Loretta Joseph, an industry chair of the Australian Digital Commerce Association with a background in banking and financial consulting and who has been advising governments around the world on blockchain-related regulations, suggested a novel – and speedy – method of slashing through the global regulatory knot.
Asked to consult on regulation on the island of Bermuda, she gathered all the necessary players. “We sat down with policymakers and government and all stakeholders and legislated in three months,” she said.
Bermuda presents a good benchmark, not only because of the speed with which it moved, but also because of the overall prudence of its financial regulations and its resultant clean reputation.
“If you can’t trace a source of funds in Bermuda, you go to jail,” she said. “Bermuda has a really good reputation because of the reinsurance market. We wrote regulations that won’t upset Bermuda … I think they are some of the best regulations in the world.”
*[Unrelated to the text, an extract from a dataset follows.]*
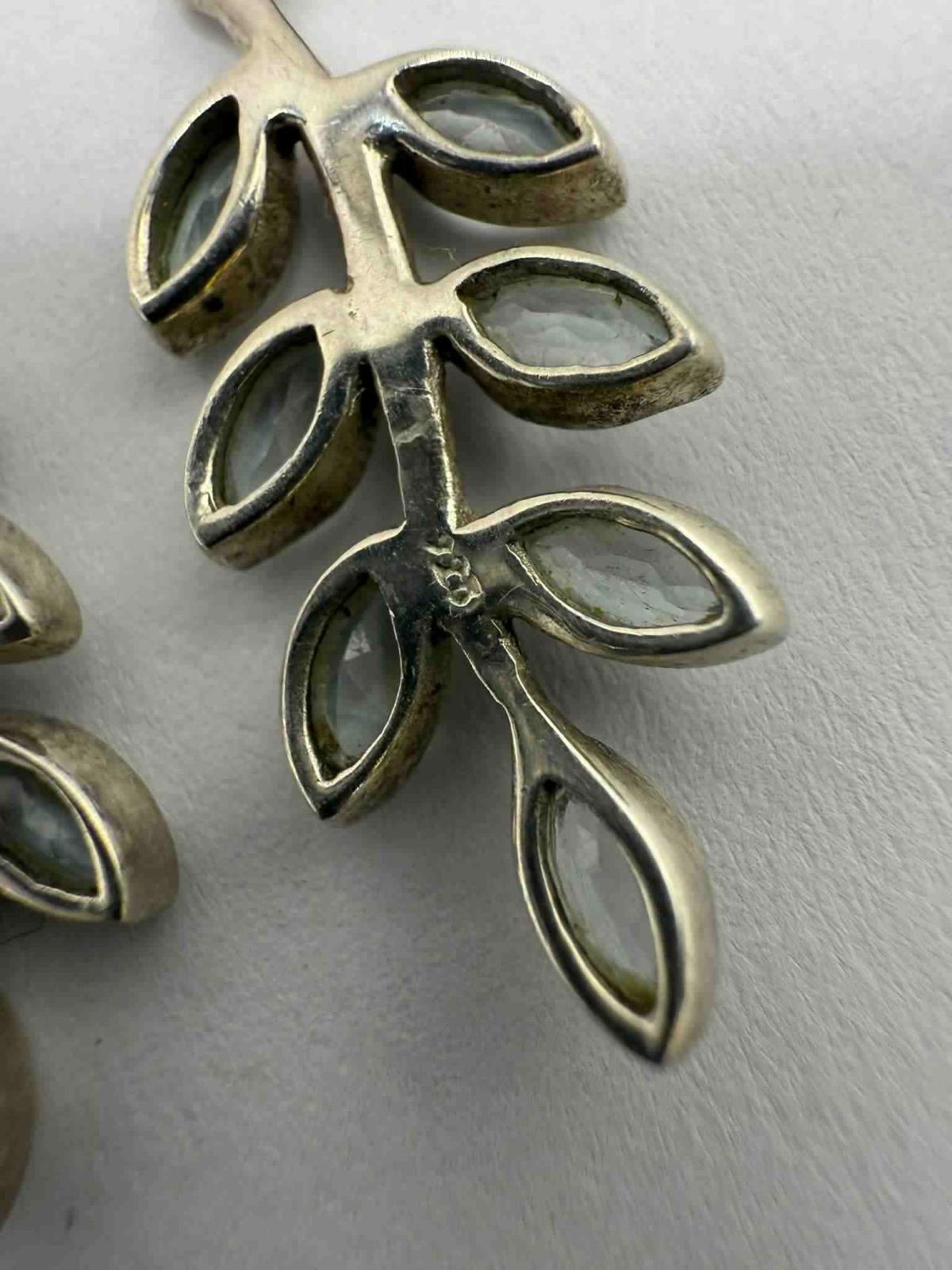 Quality 925 Sterling Silver Topaz Leaf Dangle Earrings • 3.98 Grams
Her wider strategy is revolutionary: to harmonize laws among island territories like Bermuda, then use them as gateways to larger markets.
“Malta, Bermuda and Mauritius are in good positions, as they are small but similar,” Joseph said. All three are governed by the same legal system: English common law. And with legislative processes on such island territories and states being easier to manage than in larger economies, the timeframe for legislative and regulatory action is compressed. “Malta is close to it,” she said, referencing the Bermuda regulations. “And Mauritius is working on it.”
The trio of islands holds significant possibilities. “If we could harmonize laws and standards in legal systems in smaller jurisdictions, we would have treaties on tech [the way we now have treaties on tax], then we could ‘passport” companies between jurisdictions without fear of legal changes,” she suggested.
The three islands are finance-centric jurisdictions – but with none of the dubious associations such a status often implies. “They have blue-ribbon status, they are not just tax havens; if you could federate them all together …” she said. Then, the three islands could act as gateways, providing companies bridgeheads into much larger markets: the US for Bermuda, the EU for Malta and Africa and India for Mauritius.
It is not just a pipe dream. Joseph engaged in closed-door discussions with related OECD bodies this month and a second OECD meeting on the issue is scheduled for September, she revealed.